Like the others, he wore his dark hair long but in his case it was arranged in a tress on one side. The rest was brushed back, uncovering a high forehead which gave him a pensive appearance. His face, regarding me with mild curiosity, seemed too refined for any desperate action. A fine pair of gauntlets dangled languidly in one hand. He waited until the ‘doorkeeper’ Noti finally pushed into my hand a small square of embroidered silk, fine material which I had pleasure in spoiling with some of the blood from the nick his knife had caused.
“With me, please, Master Revill. You will doubtless need privacy.”
He turned about as if there was no question that I’d follow him. It occurred to me that he had not asked for whom my message was intended. Presumably he’d overheard those cryptic initials, HW. The other gentlemen, almost as polished as their leader, formed a loose circle about us as we made our way across the flagged courtyard and towards the entrance to the house itself.
For the first time I had leisure to look about me. And to consider more than ever the pertinency of that line of mine (and Master WS’s), ‘I have many enemies in Orsino’s court’. This was a great town-house but it had, at the moment, something of the air of an armed camp. Mingled incongruously among the gents and gallants, there were grizzled captains and superannuated ensigns. My lord of Essex’s campaign in Ireland had concluded over a year earlier but these veterans looked, as it were, fresh in their weariness. As if they had stepped straight from foreign bog to boat to homeland again, without an interval to change clothes or even to wipe their begrimed faces, let alone lay down their weapons. T
hey moved about the courtyard purposefully, and not with the resentful expressions with which unemployed soldiers customarily equip themselves on the public streets. They clotted together or strode briskly between groups, clapping each other on the shoulders, admiring each other’s swords and the girdles and hangers which supported them, all the while laughing or talking loudly. Either these hardened soldiers did not care who saw and heard them or they presumed that each person here was of like mind. This was indeed a dangerous place for he who was not an Essexite.

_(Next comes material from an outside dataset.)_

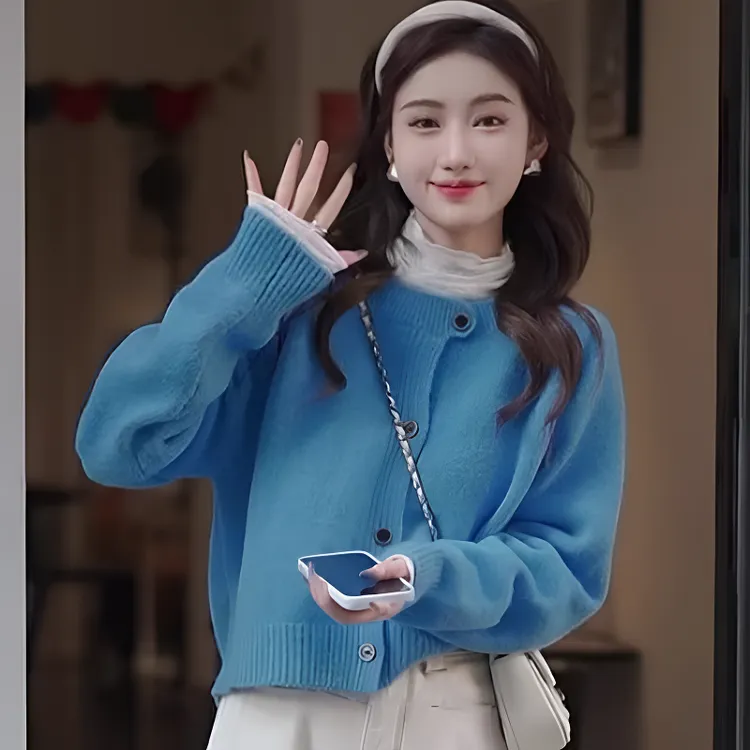湖蓝色毛衣时尚春季针织开衫气质韩版秋冬圆领女装网红洋气女新款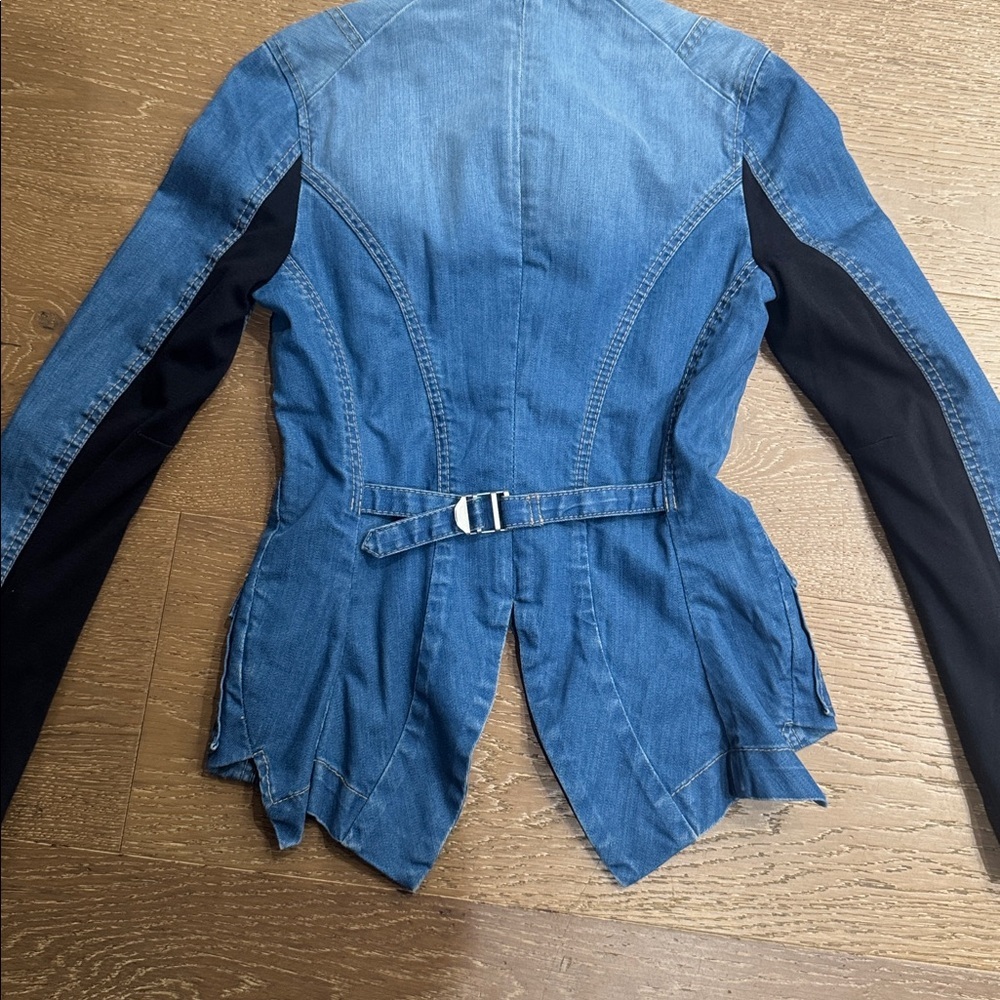 BCBG Max Azria Denim Blazer Tail Hem Structured Jacket XS/S Edgy Designer - Picture 6 of 7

If I had earlier thought that the charged air was similar to that in the playhouse before a performance, now it seemed more like the heady, blood-seeking mood of the crowd in the bear-pit. Everywhere, there was a happy, brawny buzz which betokened action – and action soon. It was plain that they expected trouble. It was equally plain that they were looking forward to trouble.
The man who had directed me to accompany him kept a little ahead but did not look round or address any more words to me. We entered through the grand central portal of the house. Inside, there was an even greater press and ferment than outside. In a large, tiled entrance hall men were crowded shoulder to jostled shoulder. After the chill of the February morning it was warm and stuffy with breath and tobacco smoke. The obscurity was dimly alleviated by the winter morning coming through the mullioned lights in the north wall above the entrance. What I could see suggested that the crowd was the same mixture of gallants and military veterans as in the open air, but with a sprinkling of more ruffianly types. I was surprised, however, to see one or two individuals in Puritan garb. I should not have been, I suppose. Malcontents will wear any costume.